NEW YORK — It was a bumpy summer for credit card issuers, but most of the top banks reported that their customers continued to make their payments on time.

Default rates were down at four of the six largest credit card issuers, which reported their August results in regulatory filings this week. Citibank and Capital One Financial Corp. had upticks in the rate of write-offs of uncollectable balances.

Capital One also posted a slight increase in its rate of payments late by 30 days or more, which is considered an indicator of future default.

Discover Financial Services, American Express, Chase and Bank of America reported continued declines in both rates.

With the increase in August in its default rate to 6.92 percent of balances on an annualized basis, Citibank overtook Bank of America as the issuer with the highest rate. Bank of America reported a 6.79 percent rate.

Monthly fluctuations are generally seen as statistical blips.
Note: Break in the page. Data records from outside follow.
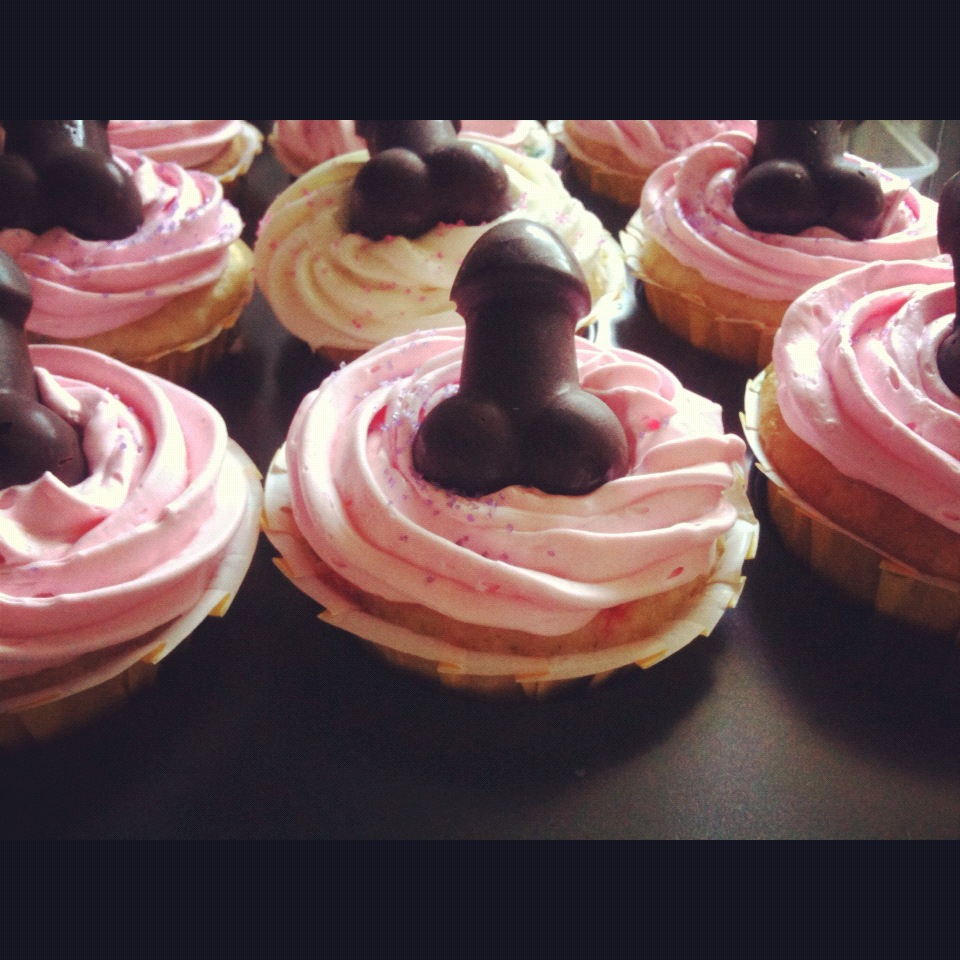 Bachelorette Party Cupcake Cake Bachelorette Party Cupcake Cake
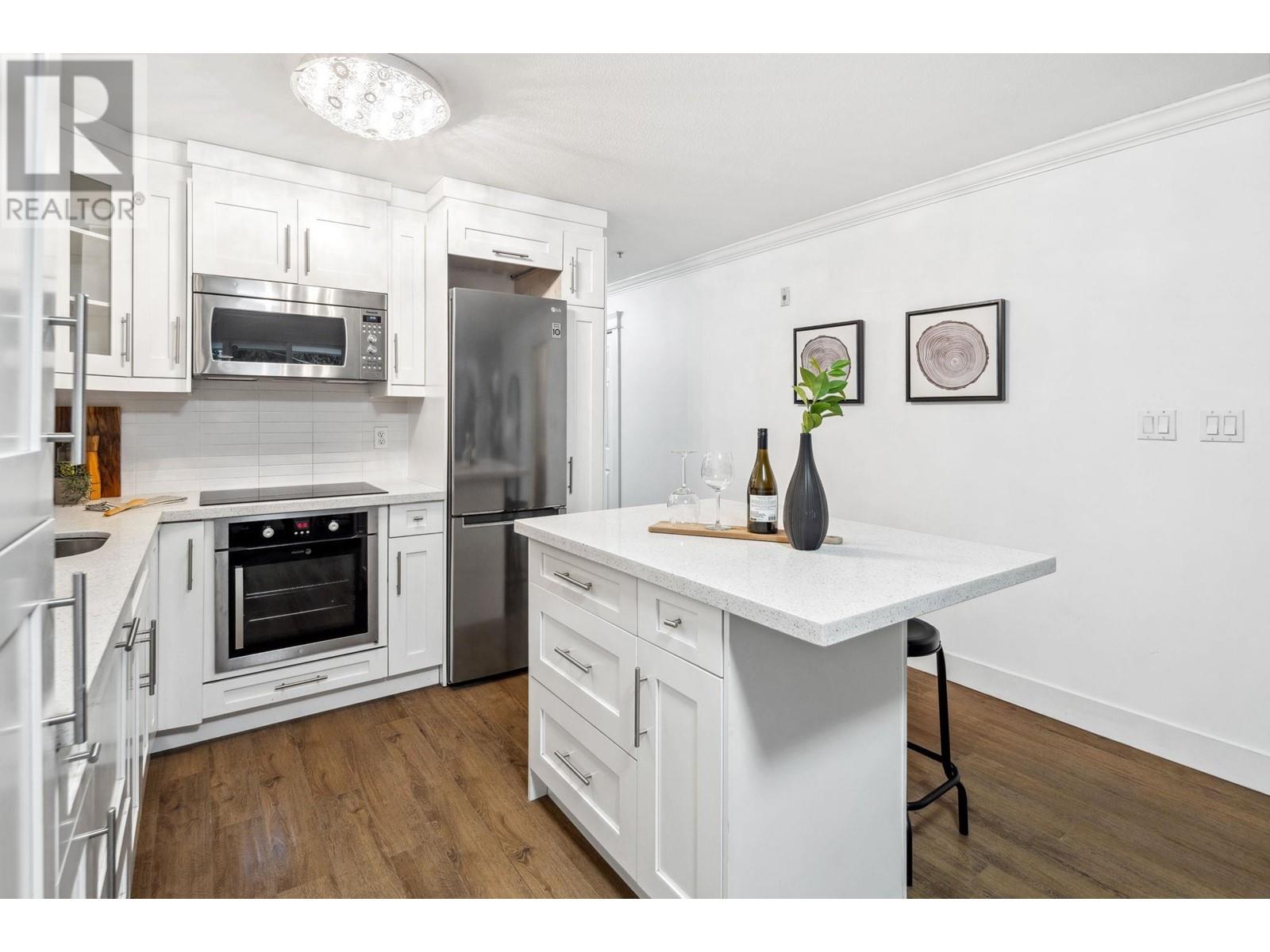 Listing Picture 12 of 25 : 210 5629 DUNBAR STREET, Vancouver / 溫哥華 - 魯藝地產 Yvonne Lu Group - MLS Medallion Club Member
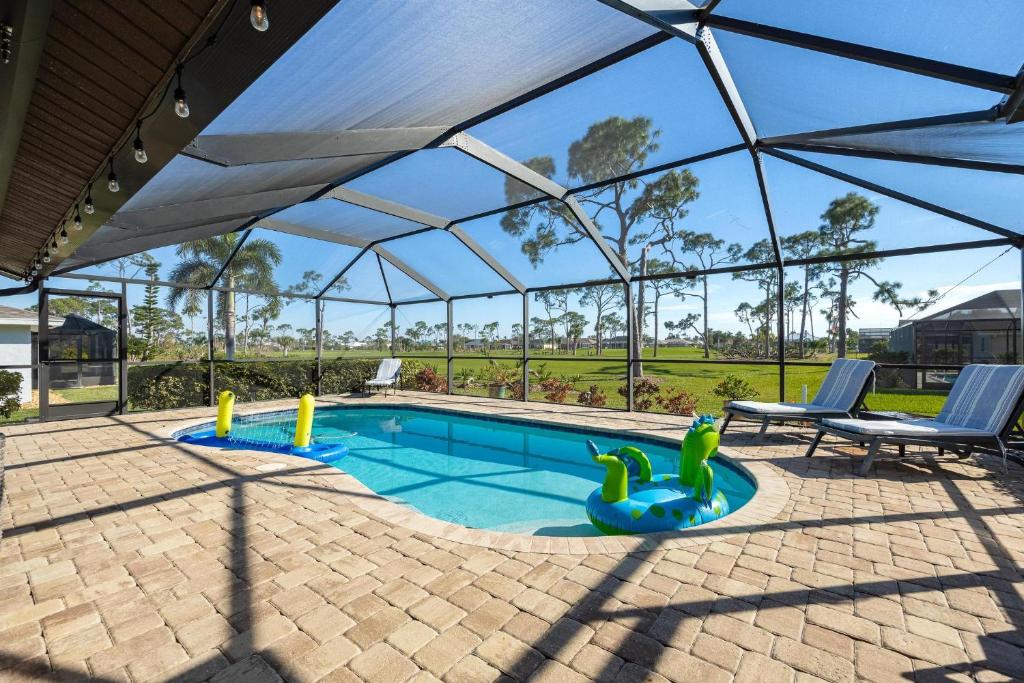 Golf Course View! Heated Pool - Villa Fairway to Florida - Roelens Vacations, Cape Coral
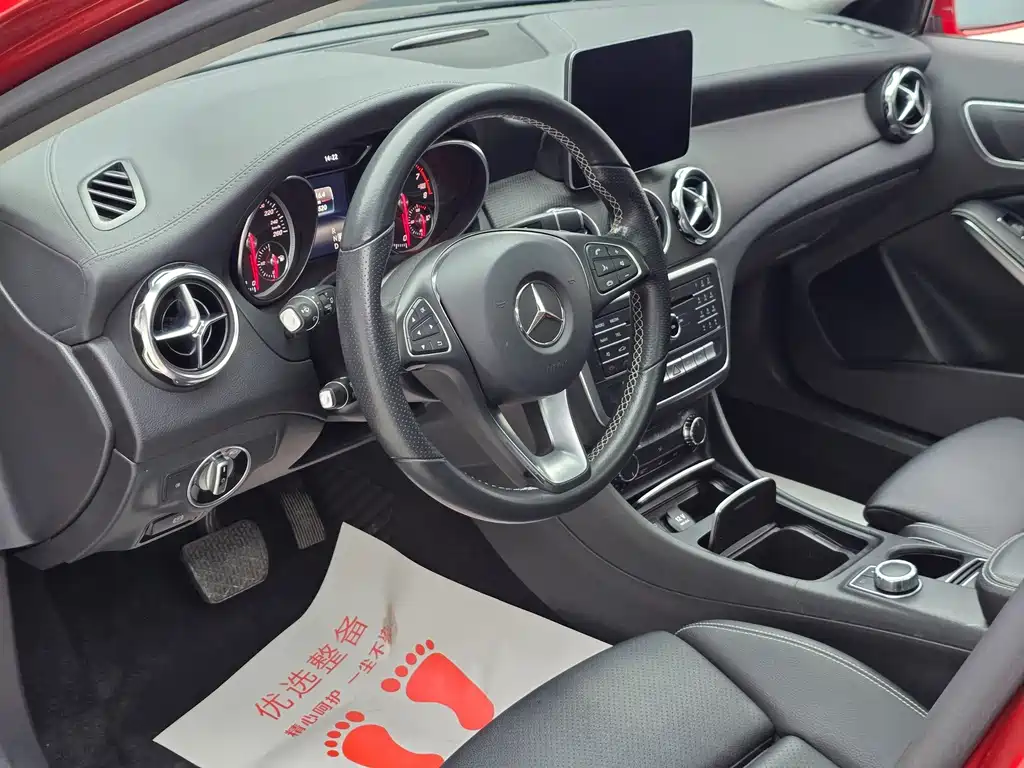 Mercedes-Benz GLA — миниатюра 4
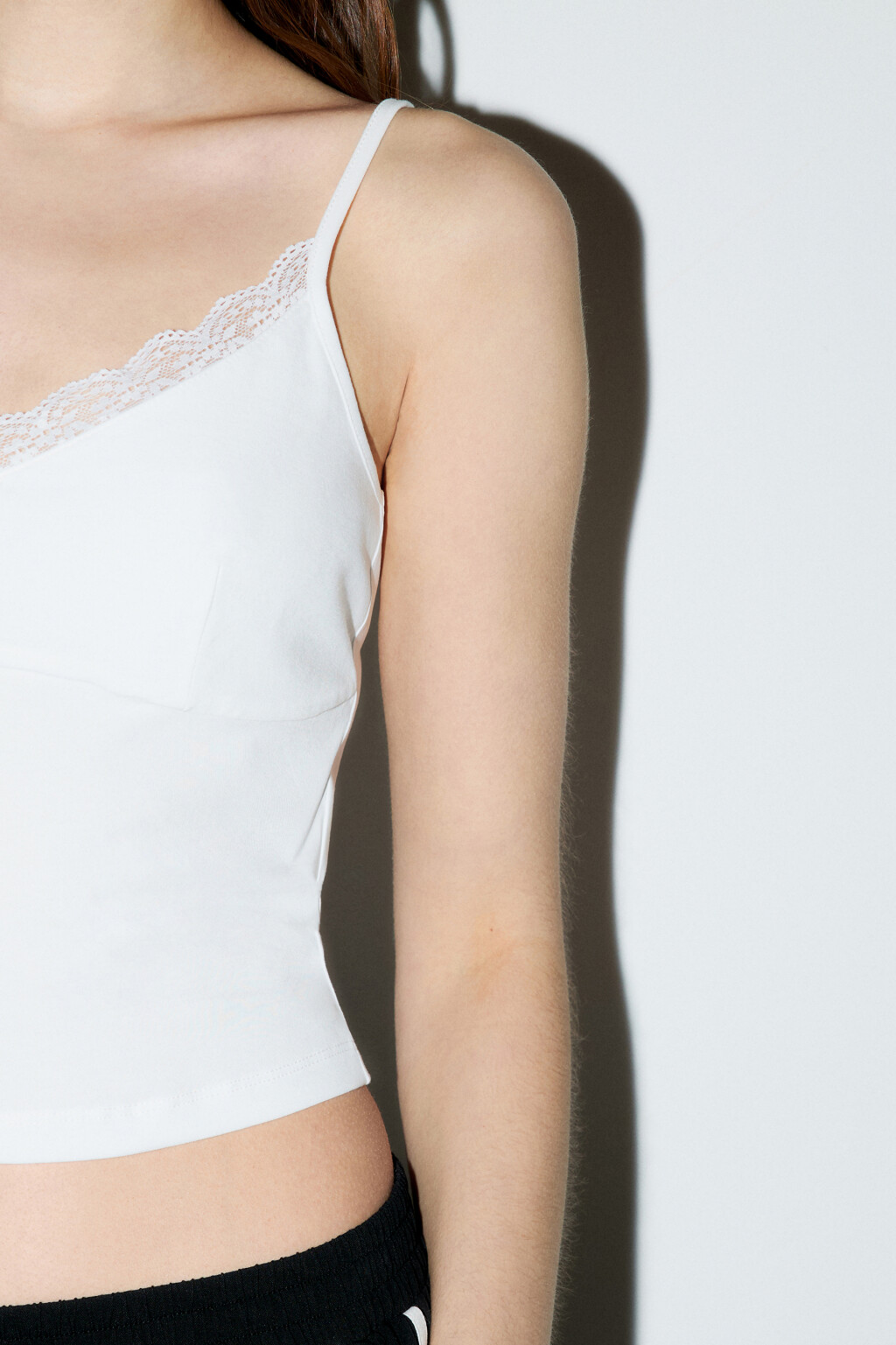 Топ-майка на тонких бретелях с кружевом - цвет белый - 7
The results were similar in July, with a few banks reporting slight increases but most reporting improvements in defaults, or charge-offs, and delinquencies.

Overall, both defaults and delinquencies have dropped sharply since hitting their peaks. Late payments, in particularly, are now at historically low points.

Charge-off rates for cards peaked in the second quarter of 2010 at 10.96 percent, according to Fed data, and were down to 5.6 percent in the latest second quarter. Monthly data from most card issuers has shown continued declines, which will be reflected in third-quarter figures. Industrywide delinquency rates were down to 3.62 percent in the second quarter, after peaking in the second quarter of 2009 at 6.76 percent.

One reason consumers are able to keep up with their payments is that balances have dropped sharply since the height of the recession. Lower balances translate to lower minimum payments.

The Federal Reserve said total revolving credit balances, which are mostly credit cards, dropped at an annual rate of 5.25 percent in July, to $792.5 billion. That’s down 21 percent since the peak in 2008 of $957.5 billion. The drop reflects both an effort on the part of card users to pay down debt and the amount that banks have written off as uncollectable, which Moody’s Investor Services estimates at more than $75 billion since 2009.

Reforms passed in 2009 are also helping consumers, industry watchers have said. Limiting the fees that banks can tack on and the speed at which they can raise interest rates has helped consumers reduce their balances.

Analysts expect rates to remain low, even while individual banks might see blips along the way.

“It’s tough to say there’s going to be further improvement, just because there’s been so much improvement up to this point,” said Cynthia Ullrich, an analyst with Fitch Ratings.